Gli interventi specifici interesseranno l'IIS Polo 3 Fano (palazzina Laboratori), gli Istituti Cecchi, Santa Marta, Bramante Genga, il liceo Mamiani di Pesaro e l'Istituto Mattei di Urbino.
A questi si aggiungono il Centro Floristico in via Barsanti e la sede della Questura in via Bruno a Pesaro. Castelli ha evidenziato l'importanza di un rapido sviluppo: “La Provincia dovrà elaborare entro la fine dell’anno i documenti di indirizzo progettuali, indispensabili per accedere ai finanziamenti. Si tratta di diversi milioni di euro. Successivamente, una volta completate le fasi progettuali, queste opere potranno essere finanziate.”
Fondi e opere per la ricostruzione
Il senatore Castelli ha ribadito che la stima complessiva delle risorse necessarie per la ricostruzione pubblica e privata nel territorio provinciale ammonta a circa 50 milioni di euro. Riguardo agli effetti del sisma del 2016, sono attualmente in corso le fasi di progettazione e le indagini geotecniche e strutturali per l'adeguamento sismico dell'edificio principale dell'Istituto Cecchi di Pesaro e per la riparazione e adeguamento sismico della sede in via Bramante della Scuola del Libro di Urbino.

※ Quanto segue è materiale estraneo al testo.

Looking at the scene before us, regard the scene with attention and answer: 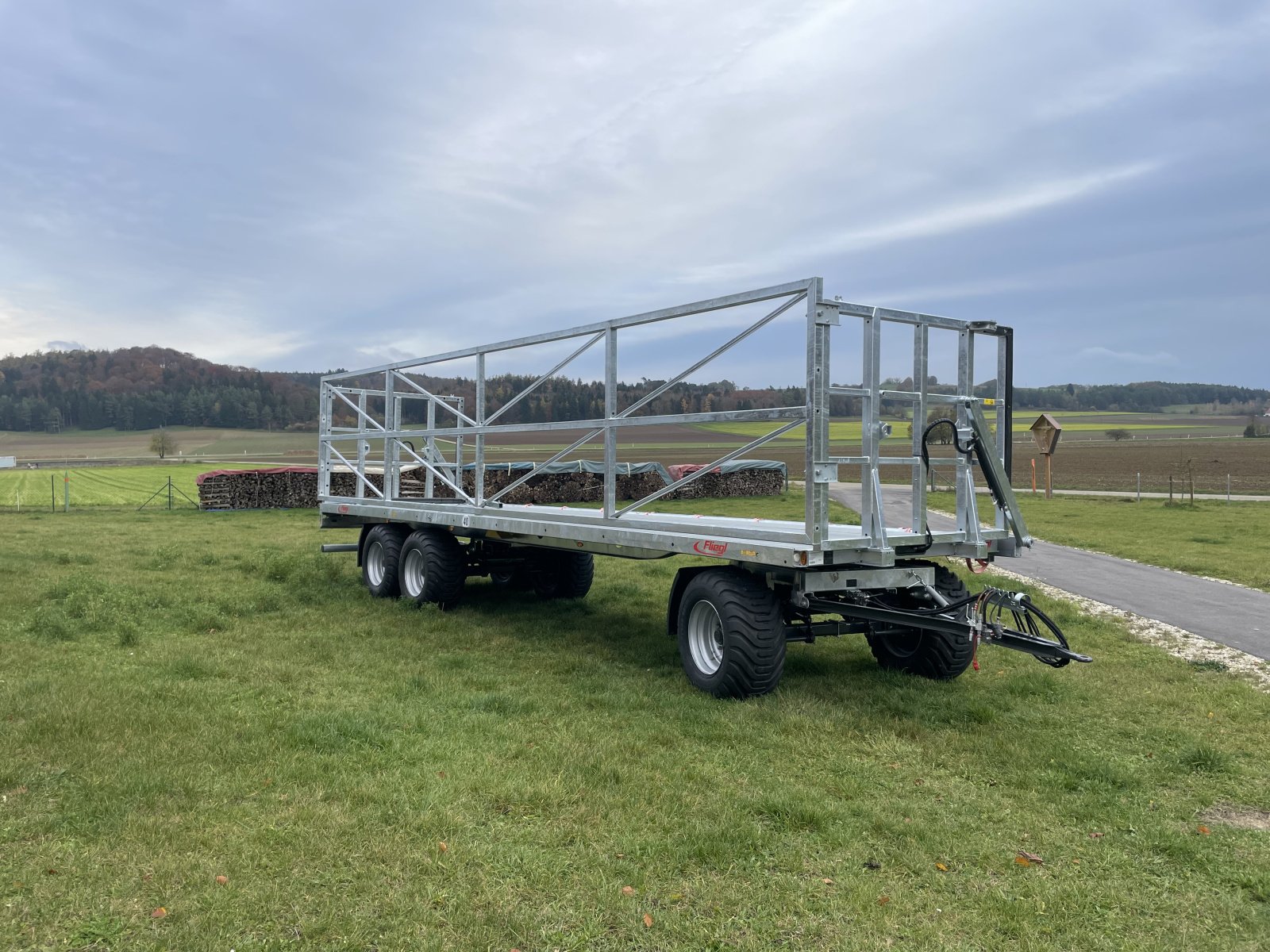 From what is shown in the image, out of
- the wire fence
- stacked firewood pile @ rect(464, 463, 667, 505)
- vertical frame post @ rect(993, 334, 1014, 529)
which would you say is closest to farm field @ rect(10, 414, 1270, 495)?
vertical frame post @ rect(993, 334, 1014, 529)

Per il primo intervento, la Provincia ha ottenuto 6 milioni e 525mila euro, mentre per il secondo sono stati assegnati 4 milioni e 930mila euro, fondi erogati tramite il Programma approvato dal commissario straordinario per la Ricostruzione con ordinanza speciale nel 2021.
Il presidente Alessandri, al termine dell'incontro, ha espresso fiducia: “La Provincia ha in programma una serie di opere legate alla ricostruzione. Siamo ottimisti che nei prossimi anni si possano portare a termine numerosi lavori, in particolare nell’ambito dell’edilizia scolastica, per garantire una maggiore dignità alle nostre scuole.”

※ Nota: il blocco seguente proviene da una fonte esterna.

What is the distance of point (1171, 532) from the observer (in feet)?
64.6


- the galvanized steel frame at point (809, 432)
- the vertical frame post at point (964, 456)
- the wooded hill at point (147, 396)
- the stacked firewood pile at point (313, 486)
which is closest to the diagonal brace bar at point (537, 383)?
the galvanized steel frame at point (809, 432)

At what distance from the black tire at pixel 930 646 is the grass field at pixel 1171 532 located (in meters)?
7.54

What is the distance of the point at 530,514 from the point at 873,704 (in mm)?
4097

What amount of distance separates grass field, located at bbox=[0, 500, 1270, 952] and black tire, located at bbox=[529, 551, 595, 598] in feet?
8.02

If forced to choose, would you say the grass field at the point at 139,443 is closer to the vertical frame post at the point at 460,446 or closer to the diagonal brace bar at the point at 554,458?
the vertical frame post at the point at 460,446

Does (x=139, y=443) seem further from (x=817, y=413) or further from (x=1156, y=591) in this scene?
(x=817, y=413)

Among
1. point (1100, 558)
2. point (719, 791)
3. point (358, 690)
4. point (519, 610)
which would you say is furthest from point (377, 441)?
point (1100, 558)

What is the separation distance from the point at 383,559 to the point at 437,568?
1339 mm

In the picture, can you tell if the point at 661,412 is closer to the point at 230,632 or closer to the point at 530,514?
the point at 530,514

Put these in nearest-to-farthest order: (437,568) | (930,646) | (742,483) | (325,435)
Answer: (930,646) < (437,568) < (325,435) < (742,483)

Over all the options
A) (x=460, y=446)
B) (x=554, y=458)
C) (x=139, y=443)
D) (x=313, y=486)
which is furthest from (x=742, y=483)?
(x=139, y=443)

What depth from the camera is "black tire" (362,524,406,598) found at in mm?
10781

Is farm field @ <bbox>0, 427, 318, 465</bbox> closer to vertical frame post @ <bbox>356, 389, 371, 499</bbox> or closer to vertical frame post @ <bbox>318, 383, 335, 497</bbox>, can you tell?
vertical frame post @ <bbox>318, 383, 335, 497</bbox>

Procedure e scadenze per la ricostruzione
Il percorso di ricostruzione post-sisma del 9 novembre 2022 è regolato da nuove ordinanze volte a semplificare le procedure e accelerare l'apertura dei cantieri.
L'Ordinanza speciale n. 5 del 23 febbraio 2026 definisce le modalità di esame dei Documenti di Indirizzo alla Progettazione (DIP), prevedendo un'anticipazione fino al 10% dei costi per agevolare l'avvio della progettazione. Inoltre, l'Ordinanza n. 7 del 27 marzo 2026 ha esteso al 31 dicembre 2026 la scadenza per la presentazione dei DIP, introducendo maggiore flessibilità e eliminando il precedente termine per la valutazione preventiva.

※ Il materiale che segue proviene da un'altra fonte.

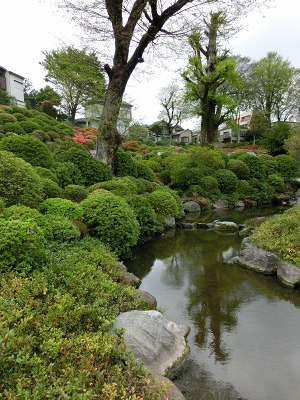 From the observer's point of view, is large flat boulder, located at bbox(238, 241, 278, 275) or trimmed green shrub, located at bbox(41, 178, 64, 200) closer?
large flat boulder, located at bbox(238, 241, 278, 275)

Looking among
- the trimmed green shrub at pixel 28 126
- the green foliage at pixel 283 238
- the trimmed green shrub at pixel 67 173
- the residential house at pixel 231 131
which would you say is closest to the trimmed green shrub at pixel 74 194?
the trimmed green shrub at pixel 67 173

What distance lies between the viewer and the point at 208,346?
151 inches

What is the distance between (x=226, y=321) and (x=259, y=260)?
245 centimetres

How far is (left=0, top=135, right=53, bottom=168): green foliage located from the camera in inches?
312

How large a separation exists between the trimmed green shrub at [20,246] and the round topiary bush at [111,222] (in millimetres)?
2347

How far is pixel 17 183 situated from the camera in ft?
17.9

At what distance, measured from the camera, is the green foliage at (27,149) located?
7.92 m

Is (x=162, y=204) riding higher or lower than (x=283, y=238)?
higher

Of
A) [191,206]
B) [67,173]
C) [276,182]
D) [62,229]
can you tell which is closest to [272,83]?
[276,182]

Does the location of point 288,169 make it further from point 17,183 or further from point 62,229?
point 17,183

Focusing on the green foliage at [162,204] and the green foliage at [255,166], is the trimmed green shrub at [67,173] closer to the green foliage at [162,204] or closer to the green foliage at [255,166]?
the green foliage at [162,204]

Per la ricostruzione privata, è operativa la piattaforma Ge.Di.Si., con termini per la presentazione delle domande fissati al 31 dicembre 2026 e per il deposito del contratto di incarico presso l’Ufficio Speciale per la Ricostruzione (USR) al 30 giugno 2026. La stima complessiva delle risorse necessarie per la ricostruzione pubblica e privata nella provincia di Pesaro-Urbino supera i 50 milioni di euro.
Un piano preliminare di circa 23 milioni di euro è destinato specificamente alla città di Pesaro, coprendo interventi su chiese, edifici pubblici, strutture scolastiche, cimiteri e altre opere rilevanti.